--- Available data Enclosed Below ---

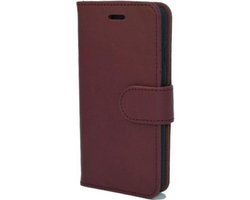 iNcentive PU Wallet Deluxe geschikt voor iPhone 7 / 8 / SE 2020 / SE 2022 red wine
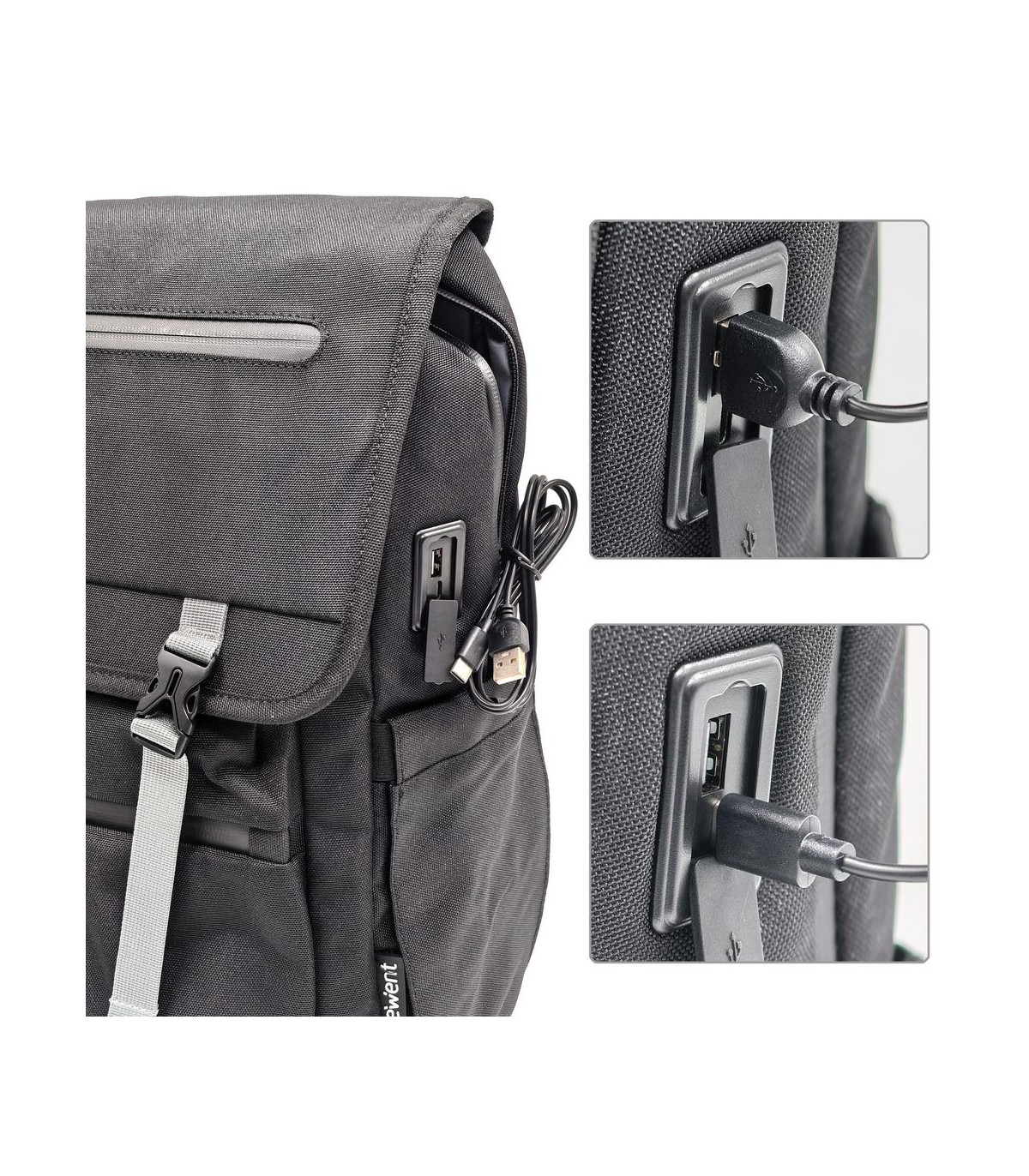 Mochila unisex ewent vintage para portatil 16.1 pulgadas negra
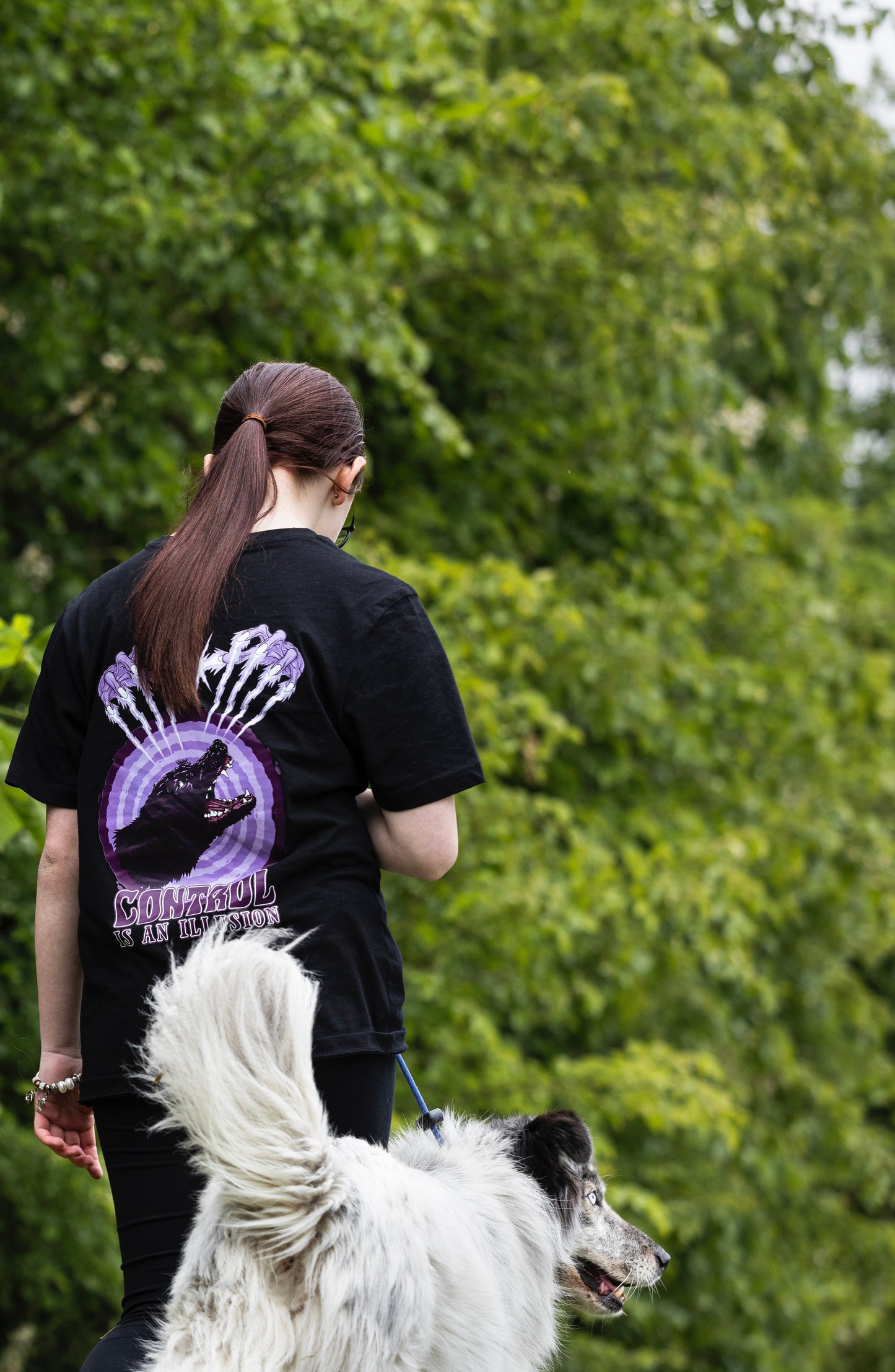 Control is an Illusion Purple Tee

--- End of Enclosed Available data ---

* Work request
Would you return the whole listing above exactly as written, skipping any image?

* Solution for this exercise
 iNcentive PU Wallet Deluxe geschikt voor iPhone 7 / 8 / SE 2020 / SE 2022 red wine
 Mochila unisex ewent vintage para portatil 16.1 pulgadas negra
 Control is an Illusion Purple Tee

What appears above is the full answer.